PROBLEM LINK:
Contest Division 1
Contest Division 2
Contest Division 3
Practice
Setter:
Tester: Istvan Nagy
Editorialist: Taranpreet Singh
DIFFICULTY
Easy
PREREQUISITES
Just observation would do.
PROBLEM
Given a binary string S and an integer C, you are allowed to perform circular on S any number of times. Does there exist any rotation such that every pair of adjacent ones is separated by at most C zeros.
QUICK EXPLANATION
Assuming the last character to be adjacent to first, we can find the number of zeros between each pair of adjacent ones in a list. Now, the rotation of binary string is equivalent to deleting at most one element of this list. So if rest of the elements are up to C, then the answer is YES.
EXPLANATION
For this problem we’ll consider an example first. Assume S = 010001010
. Now we shall consider all rotations of this string and compute the number of zeros between each adjacent pair of ones.

010001010
: The number of zeros between adjacent ones are \{3, 1\} 
001000101
: The number of zeros between adjacent ones are \{3, 1\} 
100100010
: The number of zeros between adjacent ones are \{2, 3\} 
010010001
: The number of zeros between adjacent ones are \{2, 3\} 
101001000
: The number of zeros between adjacent ones are \{1, 2\} 
010100100
: The number of zeros between adjacent ones are \{1, 2\} 
001010010
: The number of zeros between adjacent ones are \{1, 2\} 
000101001
: The number of zeros between adjacent ones are \{1, 2\} 
100010100
: The number of zeros between adjacent ones are \{3, 1\}
We can see that the list of number of zeros between adjacent ones changes only when some 1
moves from last position to first position.
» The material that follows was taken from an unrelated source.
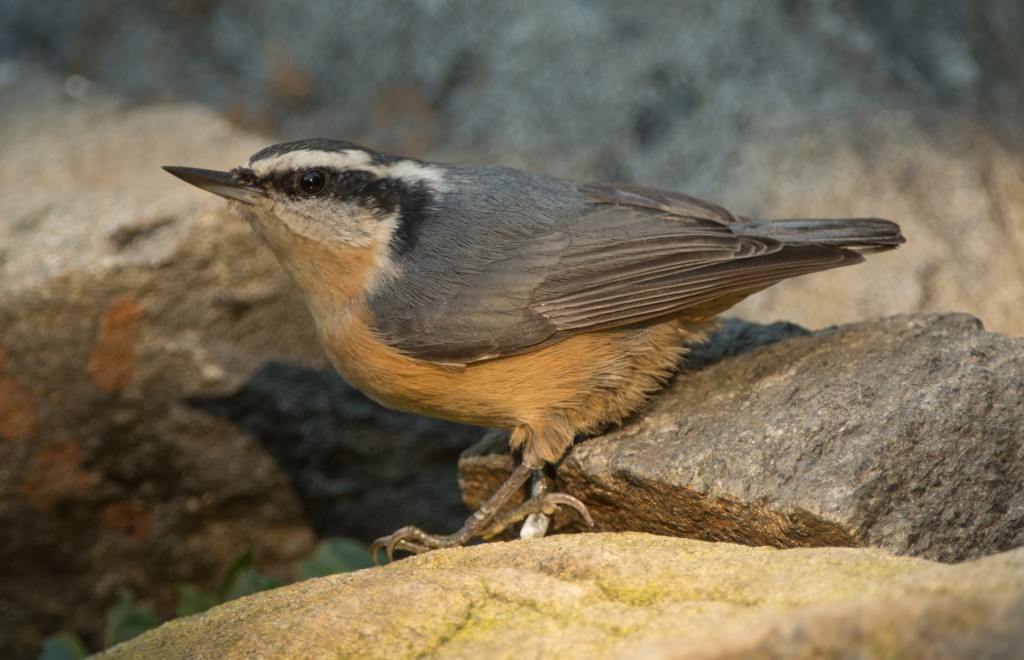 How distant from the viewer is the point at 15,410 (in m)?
4.70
But why does that happen?
It’s because the last and second last occurrence of 1
is no longer adjacent, and additionally, last occurrence of one becomes the first occurrence now, so it is adjacent to second occurrence in rotated string, hence number of zeros between them are added.
Simple idea, Nonsimple implementation
This way, we can actually maintain the queue type structure, and simulate the whole process, where queue supports the following operations
 Add element at beginning
 Remove element from end
 Find maximum of elements in queue
In order to support last operation, there are various methods, like mentioned here or implementing queue using two stacks and using minimum stack approach.
Can we observe more?
Above approaches were correct, although require too much implementation for an easy problem like this, so let’s observe a bit more.
We saw that list of number of zeros between each pair of adjacent ones got affected only when some 1
moves from last to first. Let’s assume for a moment that last and first character of S are adjacent.
Considering S = 010001010
, now the list of number of zeros between adjacent ones is \{3, 1, 2\}. It is easy to see that all rotations of S have this same list of number of zeros between adjacent ones.
Hence, rotation only affect the number of zeros between last and first occurrence of one, effectively removing it from the list.
So, we can see that if we compute the list of zeros between adjacent ones when S is assumed to be cyclic, we can delete any one element from the list. It can be seen that the new list after deletion shall correspond to a cyclic rotation of original string S.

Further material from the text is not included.